Au bord de la sortie de piste, L’avion de l’apocalypse est un vilain petit canard pétri de défauts, mais d’une incroyable générosité en matière de scènes choc. Du bon gros bis qui tache.
Synopsis : Après avoir vu des zombies déferler d’un avion militaire, un reporter tente de retrouver sa femme et d’échapper aux monstres assoiffés de sang qui envahissent la ville.
Une exploitation opportuniste du phénomène Zombie
Critique : Le cinéaste Umberto Lenzi vient de tourner plusieurs polars d’excellente tenue en cette fin des années 70. On peut citer parmi ses réussites Brigade spéciale (1976), Le clan des pourris (1976), Le cynique, l’infâme et le violent (1977) ou encore Echec au gang (1978). Toutefois, après le succès international remporté par le Zombie (1978) de George A. Romero, les producteurs italiens abandonnent assez rapidement le polar pour se concentrer sur ce qui rapporte de l’argent : le cinéma horrifique gore. Alors qu’il n’a aucun goût pour ce type de cinéma, Umberto Lenzi est contraint de se conformer aux lois du marché et signe plusieurs œuvres particulièrement gratinées en matière de gore.
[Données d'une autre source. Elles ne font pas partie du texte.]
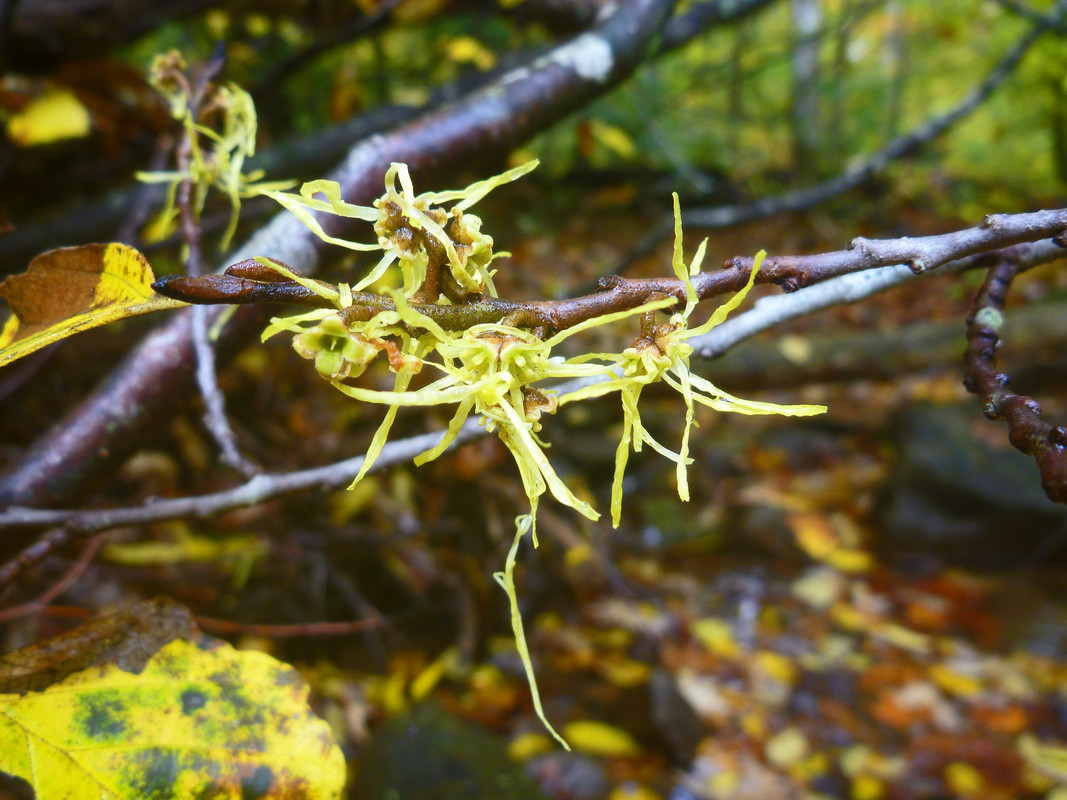 2020-10-13 -- 6 witch hazel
Il surfe notamment sur le succès obtenu par Ruggero Deodato avec Cannibal Holocaust (1980) et livre en peu de temps La secte des cannibales (1980) et Cannibal Ferox (1981).
Au même moment, Lenzi accepte de tourner L’avion de l’apocalypse (1980) qui est un démarquage à peine voilé du Zombie de Romero. Cette coproduction entre l’Italie, l’Espagne et le Mexique n’a pas de grande ambition si ce n’est d’exploiter un thème décidément à la mode. On notera que Lenzi souhaitait engager des acteurs comme Tomás Milián ou encore Fabio Testi, mais que les coproducteurs mexicains ont imposé Hugo Stiglitz, acteur qui est un fidèle collaborateur du réalisateur bis René Cardona Jr. Lenzi se résigne à accepter un interprète moins charismatique, mais parvient toutefois à embaucher quelques pointures comme Francisco Rabal ou Mel Ferrer.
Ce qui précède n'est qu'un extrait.